Venus, in her swan-drawn chariot, had not yet reached Cyprus,
when she heard coming up through mid-air the groans of her
beloved, and turned her white-winged coursers back to earth. As
she drew near and saw from on high his lifeless body bathed in
blood, she alighted and, bending over it, beat her breast and
tore her hair. Reproaching the Fates, she said, "Yet theirs
shall be but a partial triumph; memorials of my grief shall
endure, and the spectacle of your death, my Adonis, and of my
lamentation shall be annually renewed. Your blood shall be
changed into a flower; that consolation none can envy me." Thus
speaking, she sprinkled nectar on the blood; and as they
mingled, bubbles rose as in a pool on which raindrops fall, and
in an hour's time there sprang up a flower of bloody hue like
that of the pomegranate. But it is short-lived. It is said the
wind blows the blossoms open, and afterwards blows the petals
away; so it is called Anemone, or Wind Flower, from the cause
which assists equally in its production and its decay.

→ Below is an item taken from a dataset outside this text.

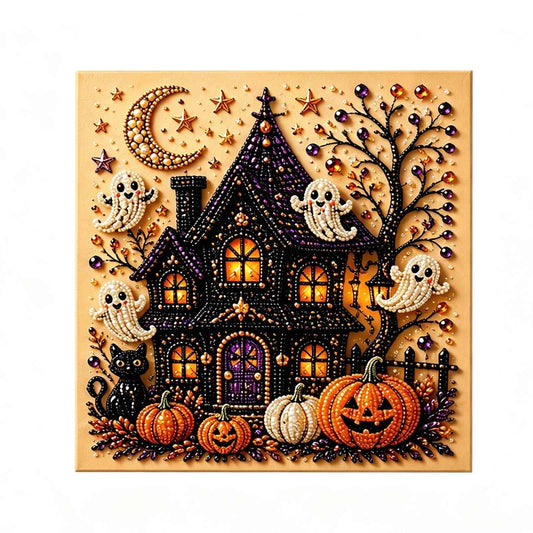 Halloween Pearl Art Kit, High-Gloss Bead Diamond Art in Pumpkin Tree or Ghost Castle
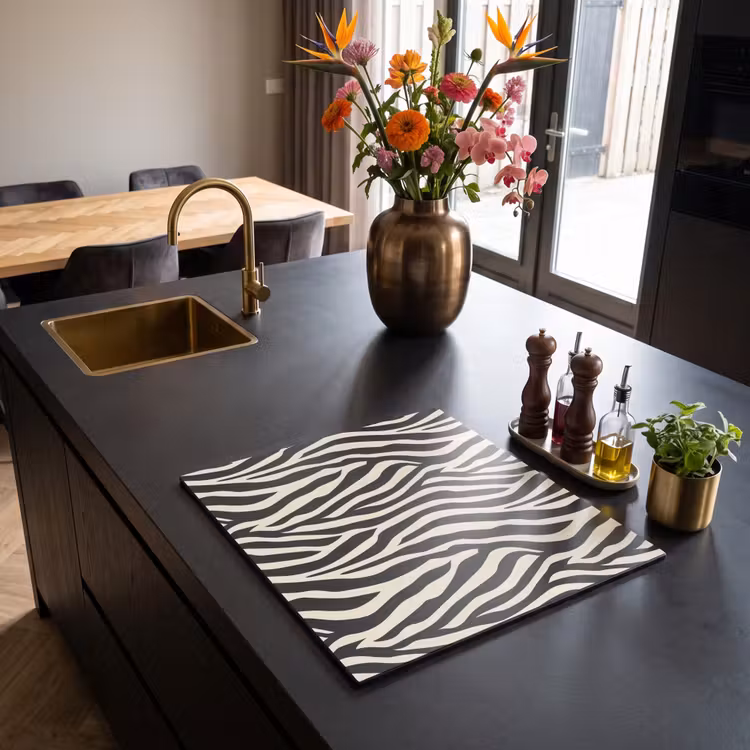 Inductie beschermer - Zebra - Print - Klassiek - Zwart — 2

Milton alludes to the story of Venus and Adonis in his "Comus":
"Beds of hyacinth and roses
Where young Adonis oft reposes,
Waxing well of his deep wound
In slumber soft, and on the ground
Sadly sits th' Assyrian queen;" etc.

Jean
Broc Death of Hyacinth.
Apollo
and
Hyacinthus.
Apollo was passionately fond of a youth named
Hyacinth. He.
accompanied him in his sports, carried the nets when he went
fishing, led the dogs when he went to hunt, followed him in his
excursions in the mountains, and neglected for him his lyre and
his arrows. One day they played a game of quoits together, and
Apollo, heaving aloft the discus, with strength mingled with
skill, sent it high and far. Hyacinthus watched it as it flew,
and excited with the sport ran forward to seize it, eager to
make his throw, when the quoit bounded from the earth and struck
him in the forehead. He fainted and fell. The god, as pale as
himself, raised him and tried all his art to stanch the wound
and retain the flitting life, but all in vain; the hurt was past
the power of medicine. As when one has broken the stem of a lily
in the garden it hangs its head and turns its flowers to the
earth, so the head of the dying boy, as if too heavy for his
neck, fell over on his shoulder. "Thou diest, Hyacinth," so
spoke Phoebus, "robbed of thy youth by me. Thine is the
suffering, mine the crime. Would that I could die for thee! But
since that may not be, thou shalt live with me in memory and in
song. My lyre shall celebrate thee, my song shall tell thy fate,
and thou shalt become a flower inscribed with my regrets." While
Apollo spoke, behold the blood which had flowed on the ground
and stained the herbage ceased to be blood; but a flower of hue
more beautiful than the Tyrian sprang up, resembling the lily,
if it were not that this is purple and that silvery white.* And
this was not enough for Phoebus; but to confer still greater
honour, he marked the petals with his sorrow, and inscribed "Ah!
ah!" upon them, as we see to this day. The flower bears the name
of Hyacinthus, and with every returning spring revives the
memory of his fate.
* It is evidently not our modern hyacinth that is here
described. It is perhaps some species of iris, or perhaps of
larkspur or pansy.
It was said that Zephyrus (the West wind), who was also fond
of
Hyacinth and jealous of his preference of Apollo, blew the
quoit out of its course to make it strike Hyacinthus. Keats
alludes to this in his "Endymion," where he describes the
lookers-on at the game of quoits:
"Or they might watch the quoit-pitchers, intent
On either side, pitying the sad death
Of Hyacinthus, when the cruel breath
Of Zephyr slew him; Zephyr penitent,
Who now ere Phoebus mounts the firmament,
Fondles the flower amid the sobbing rain."
An allusion to Hyacinthus will also be recognized in Milton's
"Lycidas":
"Like to that sanguine flower inscribed with woe."